Raw data:
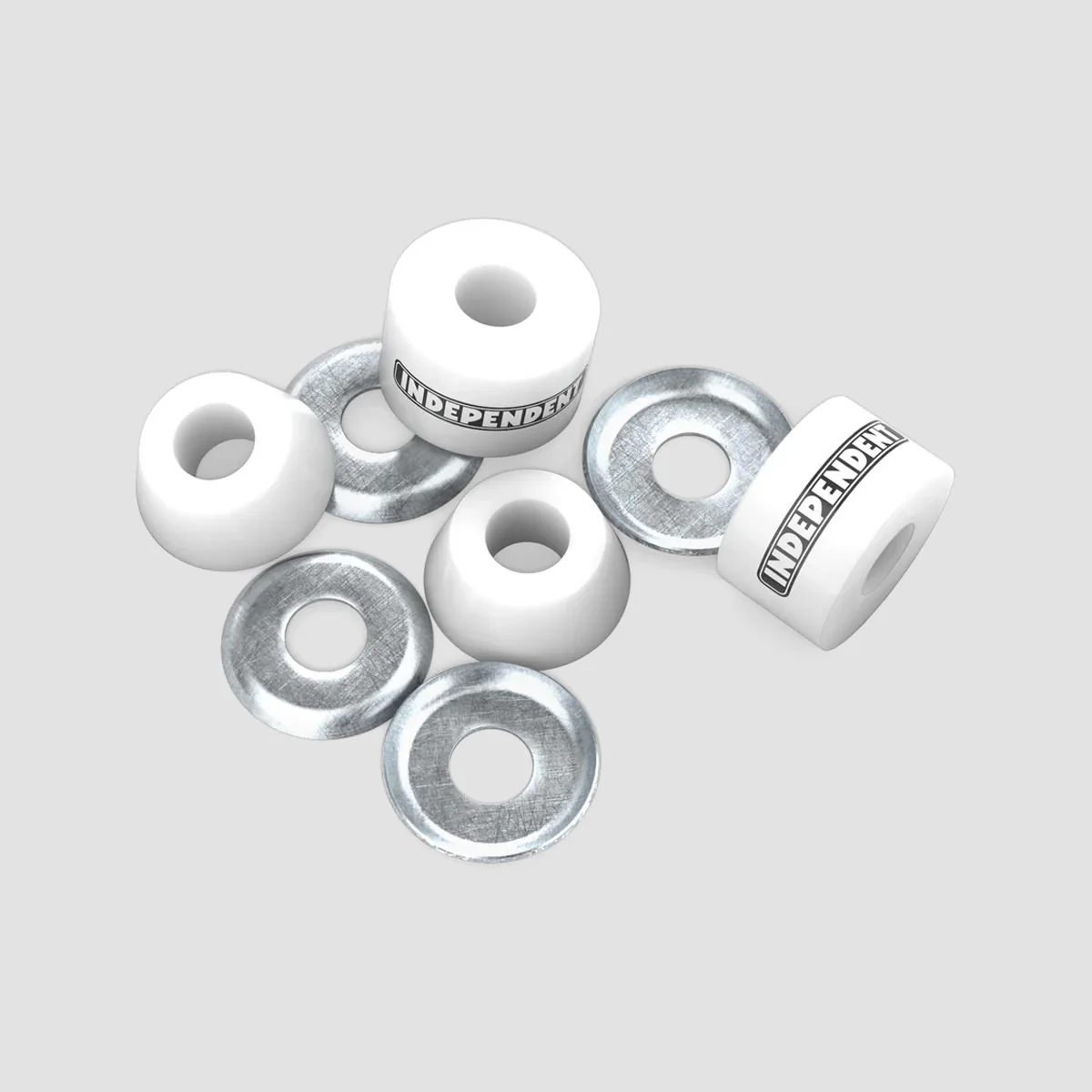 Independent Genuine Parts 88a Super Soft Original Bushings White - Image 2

---

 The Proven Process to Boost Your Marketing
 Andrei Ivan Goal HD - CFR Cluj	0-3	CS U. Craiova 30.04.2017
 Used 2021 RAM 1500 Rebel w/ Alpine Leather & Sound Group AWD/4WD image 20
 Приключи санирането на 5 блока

Exercise: Using the entries shown above, reproduce verbatim the lines from the line bearing "Andrei Ivan Goal" to the line bearing "Приключи санирането на 5 блока", inclusive.

Written reply:
 Andrei Ivan Goal HD - CFR Cluj	0-3	CS U. Craiova 30.04.2017
 Used 2021 RAM 1500 Rebel w/ Alpine Leather & Sound Group AWD/4WD image 20
 Приключи санирането на 5 блока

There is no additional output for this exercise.